Rouhani’s inability and/or inaction on healing the breach with the reformists remains a key vulnerability for his presidency. Crowds attending an event marking the anniversary of his June 2013 election repeatedly interrupted the president’s speech with chants of “Ya Hoseyn, Mir Hoseyn” and other references to the jailed opposition leaders.

First Year Calm — But What Comes Next?

The prioritization of moderation and balance has helped ensure that Rouhani’s first year has been a walk in the park, relatively speaking. Iranian presidents have often struggled in their initial months to manage the country’s turbulent politics. Khatami once characterized his first term as a crisis every nine days; in his first year or so alone, those crises included the impeachment of his interior minister and the trial and conviction of another key ally on politicized corruption charges.

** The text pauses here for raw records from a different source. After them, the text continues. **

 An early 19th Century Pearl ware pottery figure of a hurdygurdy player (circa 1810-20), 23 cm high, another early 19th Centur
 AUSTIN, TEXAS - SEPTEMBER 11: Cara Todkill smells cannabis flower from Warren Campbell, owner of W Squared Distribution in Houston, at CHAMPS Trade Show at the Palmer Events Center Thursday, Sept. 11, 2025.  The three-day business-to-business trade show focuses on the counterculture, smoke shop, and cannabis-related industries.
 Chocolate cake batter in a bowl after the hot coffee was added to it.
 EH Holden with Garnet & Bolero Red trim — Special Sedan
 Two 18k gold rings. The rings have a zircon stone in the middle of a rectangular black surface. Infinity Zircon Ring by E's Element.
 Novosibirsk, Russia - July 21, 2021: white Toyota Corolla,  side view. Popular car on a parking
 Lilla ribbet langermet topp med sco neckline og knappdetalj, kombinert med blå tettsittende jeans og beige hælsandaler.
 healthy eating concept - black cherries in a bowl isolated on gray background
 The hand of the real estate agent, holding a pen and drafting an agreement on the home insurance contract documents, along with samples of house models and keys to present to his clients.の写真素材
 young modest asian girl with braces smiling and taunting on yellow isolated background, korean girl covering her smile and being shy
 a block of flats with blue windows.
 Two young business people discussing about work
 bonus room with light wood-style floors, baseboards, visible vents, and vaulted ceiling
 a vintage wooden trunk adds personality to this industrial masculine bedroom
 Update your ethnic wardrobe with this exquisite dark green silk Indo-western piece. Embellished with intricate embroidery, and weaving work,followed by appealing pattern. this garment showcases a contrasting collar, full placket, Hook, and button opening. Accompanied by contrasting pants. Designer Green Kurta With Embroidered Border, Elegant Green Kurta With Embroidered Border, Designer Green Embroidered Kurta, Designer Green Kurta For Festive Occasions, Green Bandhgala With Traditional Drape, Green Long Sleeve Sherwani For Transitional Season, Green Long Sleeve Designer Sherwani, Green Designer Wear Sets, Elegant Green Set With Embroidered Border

Even Ahmadinejad, who initially boasted the vocal backing of Iran’s supreme leader, was forced to resubmit four separate nominees for the Oil Ministry slot before he won parliamentary approval, and found himself the subject of widespread mockery over a leaked video of his eschatological commentary on his maiden trip to New York. He faced even more severe and humiliating trials by his final years in office, including an unprecedented grilling before the parliament in 2012.

Although an activist parliament has challenged several of his ministers, Rouhani has mostly avoided those early battles. Iran remains an intensely politicized society, but the domestic debate over his policies — even the ambitious ones, like the nuclear diplomacy — has not yet escalated to levels that would significantly constrain his room for maneuver. 

However, his challenges are intensifying. Ultimately, although he set his goals judiciously, Rouhani will not be judged by the standards of his modest intentions. Instead, the benchmark applied to his presidency will be the buoyant hopes generated by his unexpected, telegenic electoral victory — expectations that were further buoyed by his slick PR strategy and a countenance that, unlike his predecessor, appears more affable than irrational. Iranians have waited a long time for a normal state, and the 2009 unrest suggests that they will not wait quietly forever.

Meanwhile, if past is prologue, Rouhani’s influence will erode, not expand, over time. It remains to be seen if yesterday’s strident denunciation of those who oppose his more internationalist approach to the world represents a tactical shift toward escalation, or just a moment of distemper. Rouhani’s second year on the job will likely require a new formula for advancing his agenda if he is to avoid the fates of his predecessors.